The IBM Information Server has a business glossary manager that I am implementing for several clients. Some of those clients have existing data dictionaries and glossaries that will need to be imported into the product. The IBM information server has an XML format to allow you to import/export business glossaries.
There is a lot to talk about in examining this format. There is the good, the bad and the ugly in this format. Before we begin our dissection there are two contextual topics in need of some discussion. First is examining the goals of the format and second is determining whether those goals could have been achieved using existing formats.
At a high-level, the format has three main goals which correspond to its three main elements: represent terms and their definitions (via the term element), categorize terms (via the category element) and add custom attributes to categories or terms (via the attribute element). Except for the metadata extension mechanism (custom attributes), this is a simple way to create and organize a dictionary in XML. When examining the schema or the example of the format it is clear that it is far from a complete standard. For example, the available data types for custom attributes is only String. So, it is clear that this format will evolve. A bigger question is - should it? And should it even have been created in the first place?
There are quite a few formats for capturing glossaries, dictionaries and thesauri in XML. A colleague of mine, Ken Sall, examined this for the government a few years back. The W3C has SKOS, IBM has subject classification in DITA (though DITA is much broader than glossaries), and XML topic maps can also serve this purpose.
So, although we will continue to explore the details of this format and even conversion of some of the others mentioned into this format, what are your thoughts on it?
Until next time, see you in the trenches… - Mike


The right to exist is in the utility. What processors consume this format, what do they emit, what use is made of the post-format processed products and what do they replace?
Hi Len,
Agree on the issue of utility. Of course, utility can also be served by existing formats. Many times, if you dig back through the history of a product, it comes down to a single developer that wanted to "reinvent-the-wheel" for the sake of "simplicity" (for them). Frankly, I am tired of the simplicity argument being used as a bludgeon against reuse and interoperability.
Regards,
- Mike
I agree about the single vendor issue. Big system design is where I think the simplicity argument makes the most sense.
Simplicity has virtue where multiple scales are comingling. Some artfulness here can overcome advantages attributed to one-size-fits-all specs and standards.
Looking over some of the proposals and RFPs for systems that have to integrate scaling command and control, the numbers of orthogonal interfaces and the perception that the system must be average idiot proof results in very expensive procurement and lifecycle costs. While portable data makes it reasonable to build these, demanding interoperability past the sense and respond actions significantly raises complexity.

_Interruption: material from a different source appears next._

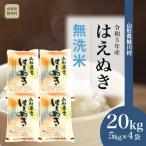 ショッピングふるさと納税 無洗米 ふるさと納税 鮭川村 令和5年産 鮭川村 はえぬき 【無洗米】 20kg (5kg×4袋)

The problem is ensuring the use cases aren't gerrymandered.
Much depends on the bite sizes of the procurements. Where an agency is my customer, I've no choice but to accept responsibility for multiple interfaces. Where the city is my customer, I can replace more legacy systems and vendors. Where a State is my customer, the scale of implementation is large but homegeneity is much improved.
Two other devils are in the details:
1. Not correctly assessing the skill set of the user therefore always building for the lowest common denominator (most people are better trained than they admit).
2. Not correctly assessing the median case of incident complexity and assuming local events require major resources instead of adjusting the scale properly.
The couplings of one and two are where the art is. Using human intelligence and training more astutely is the master stroke.
Hi Len,
Interesting post ... I read it a few times but think I may need to read it about 10 more times to understand it fully.
Would like to focus on what you said about simplicity -
"simplicity has virtue where multiple scales are comingling."
I think I understand that case and agree with it. I think a generalization of that case is when you can clearly see that you have an overly-complex design because things are continually bolted on at the last-minute in a knee-jerk reaction to a new requirement. Thus simplicity becomes key to redesigning a more elegant solution that eliminates the cruft.
The opposite of that is what I am talking about here - when you say something needs to be simpler because the developer does not want to be bothered with reasonable complexity.
You may have to expand on some of your other points because I did not grok it all.
Regards,
- Mike
It is about coupling. As the numbers of components rise, there is a non-linear increase in the complexity and cost given a complex base.
When you look at the formats that have been most successful at scale, the majority have the virtue that at least in their initial incarnation, they are very simple (eg, HTML, RSS, and the Air Force messaging format the name of which I can't remember). The more we try to communicate in the namespace, the lumpier the system space gets as the namespace is aggregated.
A questions is, how do these namespaces become complex? Typically, overreaching, noisy requirements, mammal nonsense, and failing to cut legacy at launch. Gerrymandered use cases are a problem of projects that have cominingled marketing with design, ambition with structure, and so on. Think about the awful evolution of CALS.
I don't think 'less is more' or 'simplicity for its own sake' is right. What I do see is that the forces on the design have to be pared down, requirements need to be strict, use cases have to be focused, and so on. Otherwise, at the end, developers are sitting at their desk with a contract punch list ticking off the requirements they meet, those they don't, and on the other side is a customer/procurement official threatening actions or parlaying for more work.
Too often too many usefully separable systems are procured by the same specification. That is a recipe for failure. Too often the specification was written for the abstract use case anticipating every possible even if improbable failure mode, and that is a recipe for very high costs and a system in which 10% of the features are used 90% of the time while the remainder because not used are too hard to use given lack of experience or training or untested intersystem failure modes.
Simpler formats that do one job well succeed. Complex formats that do one job infrequently don't regardless of how elegant the solution. It isn't that the second class doesn't work; it is that it doesn't fit smoothly into the environment of other slightly jagged systems.
Hi Len,
Excellent dissection of the roots of unnecessary complexity!
With my programming lens on, you are pointing out how projects ignore the proper "separation of concerns" by over-reaching.
There are many such examples of "greedy" standards.
Truly a superb post (+1),
- Mike
Sometimes you cannot avoid complexity in order to provide flexibility. The IBM Business Glossary has two import format: the simpler CSV that you can put together in Excel or the more complex XML. I've used both and the CSV is simpler but too hard to use! Glossary definitions tend to have a lot of carriage returns in them and csv files cannot handle them. Glossaries also tend to have additional custom properties - something that can be configured in the IBM Business Glossary and handled by the flexible XML format but not well handled by the fixed CSV format.
So I vote for a flexible XML format but with additional instructions on how to populate it. We all know how to build a list of terms and definitiosn in Excel for import but building complex XML lists is not so easy.
Michael, how did you go about building your glossary XML input files?
Hi Vincent,
I am still in the process of collecting our existing dictionary artifacts but I will probably be using a java program to do it since I enjoy programming.
I'll be writing more blog entries on this as I progress...
Best wishes,
- Mike